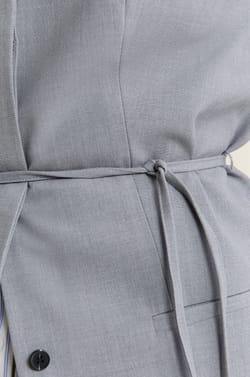 Veste sans manches &agrave; nouer;${refinementColor}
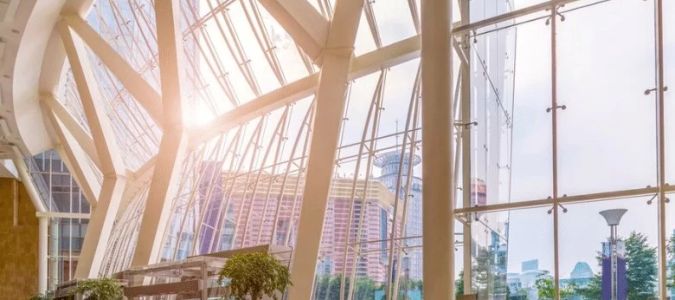 Maximizing Natural Light in Building Design: Tips & Strategies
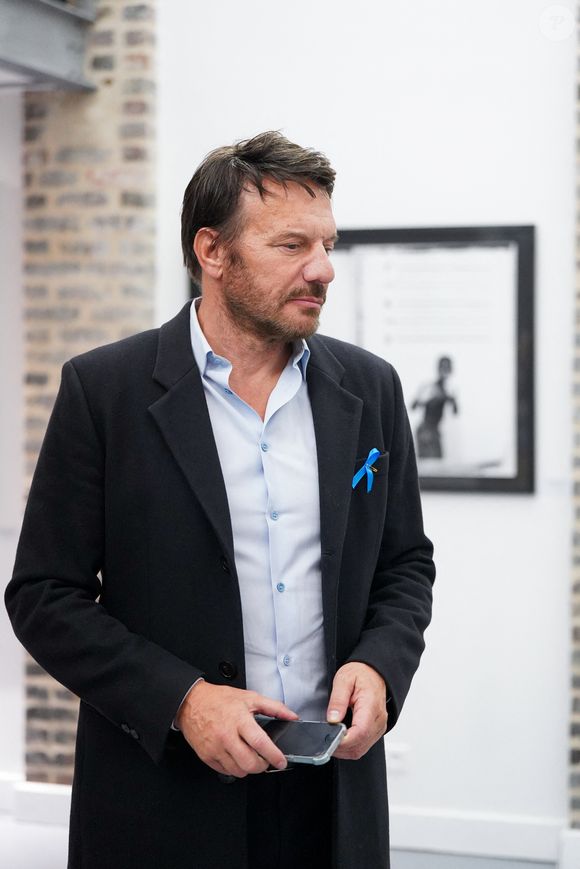 Il affirme ne pas réussir à être heureux à Paris.

Samuel Le Bihan - Vernissage de l'Exposition « 11 »consacrée au photographe et réalisateur Richard Aujard sur l'Île Saint-Louis le 9 octobre 2025. © Anne-Sophie Guebey / Bestimage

ASSIGNED TASK:
Give again, word for word, only the lines that run from the top of the data above through the line with "Il affirme ne". Drop the pictures.

SOLVED EXERCISE:
 Veste sans manches &agrave; nouer;${refinementColor}
 Maximizing Natural Light in Building Design: Tips & Strategies
 Il affirme ne pas réussir à être heureux à Paris.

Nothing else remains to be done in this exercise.